The study of the world’s surface temperatures by Richard Muller was partially bankrolled by a foundation connected to global warming deniers. He pursued long-held skeptic theories in analyzing the data. He was spurred to action because of “Climategate,” a British scandal involving hacked emails of scientists.

Yet he found that the land is 1.6 degrees warmer than in the 1950s. Those numbers from Muller, who works at the University of California, Berkeley and Lawrence Berkeley National Lab, match those by the National Oceanic and Atmospheric Administration and NASA.

He said he went even further back, studying readings from Benjamin Franklin and Thomas Jefferson. His ultimate finding of a warming world, to be presented at a conference Monday, is no different from what mainstream climate scientists have been saying for decades.

What’s different, and why everyone from opinion columnists to “The Daily Show” is paying attention is who is behind the study.
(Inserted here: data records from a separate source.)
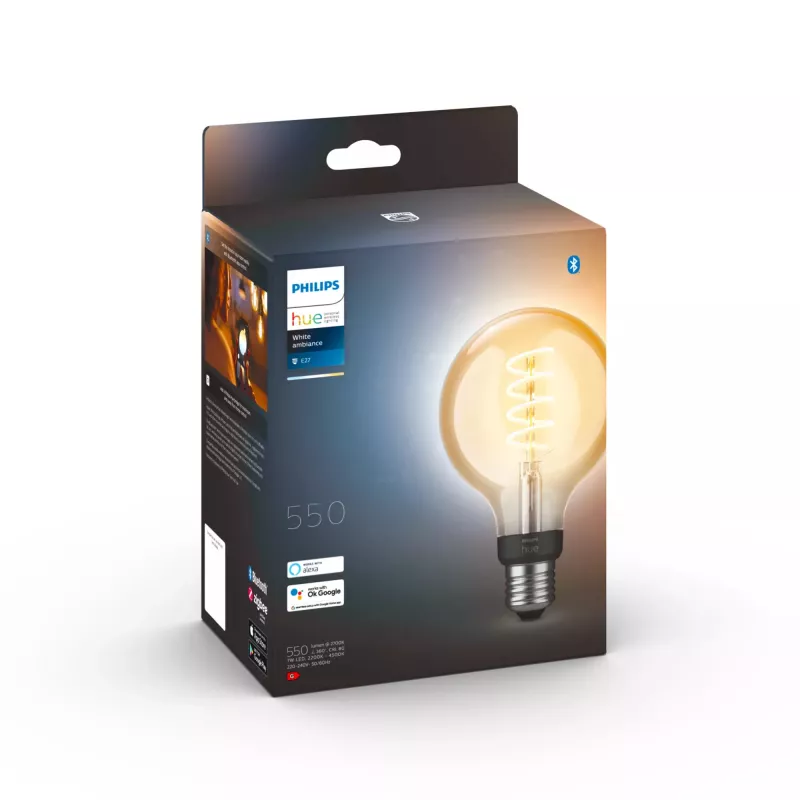 Lâmpada inteligente Philips G93 Globe E27 — LED 7 W, Bluetooth e Zigbee, 95×150 mm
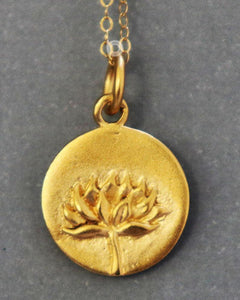 Gold Vermeil Over Sterling Silver Lotus Flower Charm -- VM/CH2/CR87 - Beadspoint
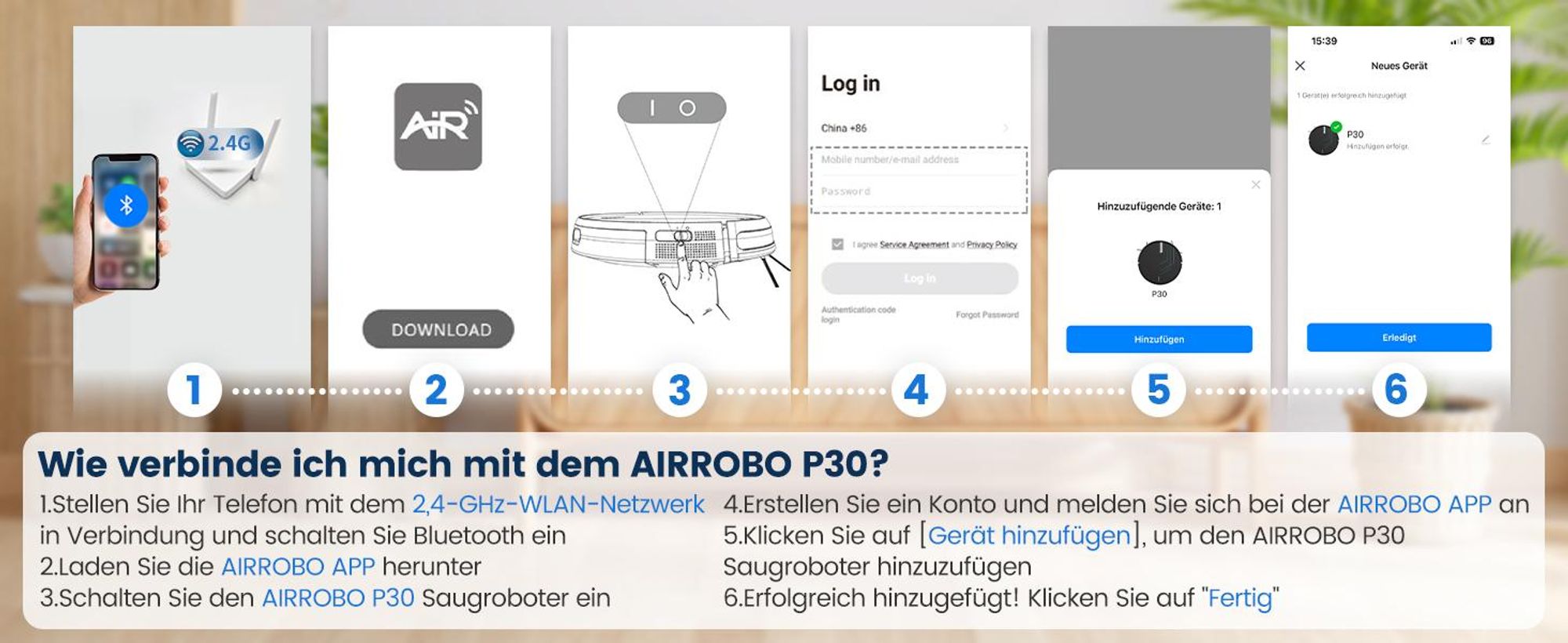 AIRROBO P30 Staubsauger Roboter Wischroboter, 3000Pa, WLAN/App/Alexa für harte Böden, Tierhaare und Teppiche mit niedrigem Flor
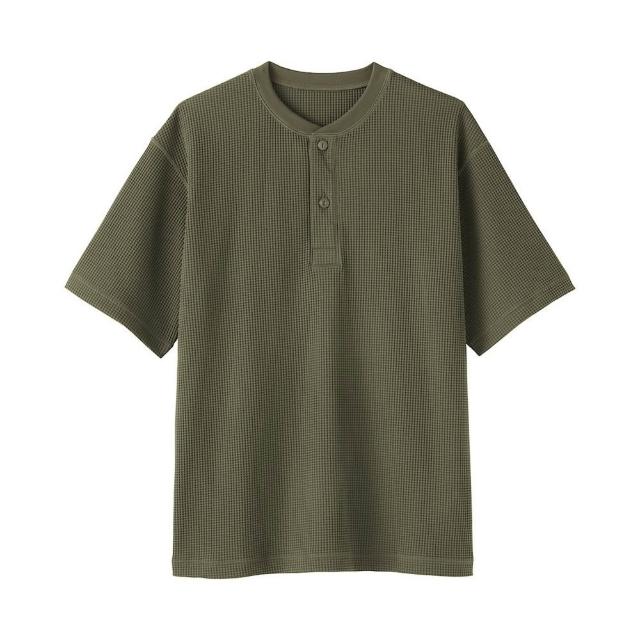 【MUJI 無印良品】男鬆餅紋亨利領短袖T恤(象牙白/深灰/煙燻綠/暗藍)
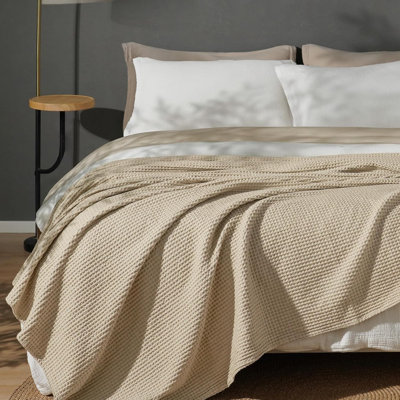 PHF 100% Cotton Waffle Weave Blanket for Bed,Snag Proof Lightweight Breathable Moisture-Wicking Throw for Couch,Great for Layering in Cold Weather,Machine Washable,Home Decor Gift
One-quarter of the $600,000 to do the research came from the Charles Koch Foundation, whose founder is a major funder of skeptic groups and the tea party. The Koch brothers, Charles and David, run a large privately held company involved in oil and other industries, producing sizable greenhouse gas emissions. Muller’s research team carefully examined two chief criticisms by skeptics. One is that weather stations are unreliable; the other is that cities, which create heat islands, were skewing the temperature analysis.

“The skeptics raised valid points and everybody should have been a skeptic two years ago,” Muller said in a telephone interview. “And now we have confidence that the temperature rise that had previously been reported had been done without bias.”

Muller said that he came into the study “with a proper skepticism,” something scientists “should always have. I was somewhat bothered by the fact that there was not enough skepticism” before.